Noch vor einem Jahr versprachen Newcastle Uniteds Eigentümer aus Saudi-Arabien, den Klub an die europäische Spitze zu führen. Von diesem Vorhaben sind die Magpies inzwischen weit entfernt – und der Anhang ist spürbar unzufrieden.

Von Sven Haist, London

Newcastle United nahm die offizielle Vergabe der Fußball-WM 2034 nach Saudi-Arabien am vergangenen Mittwoch überraschend kommentarlos hin. Obwohl sich der Verein seit drei Jahren im Besitz des saudischen Public Investment Fund (PIF) befindet und von mehreren saudischen Staatsfirmen gesponsert wird, gab es keinerlei Eintrag dazu auf den Klubkanälen. Nur der frühere Miteigner Mehrdad Ghodoussi, der bis zum Sommer an der Seite seiner Frau Amanda Staveley das Tagesgeschäft verantwortet hatte, publizierte eine Glückwunschnachricht mit Bild des saudischen Kronprinzen Mohammed bin Salman. Er wisse um die Bedeutung des Fußballs für das Königreich und sei zuversichtlich, dass die Saudis „alles daransetzen“ würden, eines der besten Turniere aller Zeiten zu organisieren, so Ghodoussi.
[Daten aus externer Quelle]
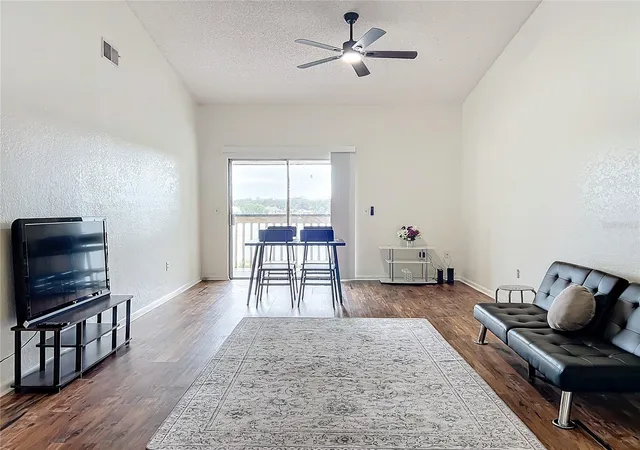 Listing Photo 5 - Condo for sale in building located at 4166 Plantation Cvs Dr, ORLANDO, FL 32810 - Unit #505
Die Zurückhaltung des Vereins dürfte auch daran gelegen haben, dass die Newcastle-Fans derzeit nicht unbedingt gut auf ihre Eigentümer zu sprechen sind. Denn sie haben den Eindruck, den Saudi-Funktionären sei gerade mindestens die eigene Fußball-WM wichtiger als ihr Klub.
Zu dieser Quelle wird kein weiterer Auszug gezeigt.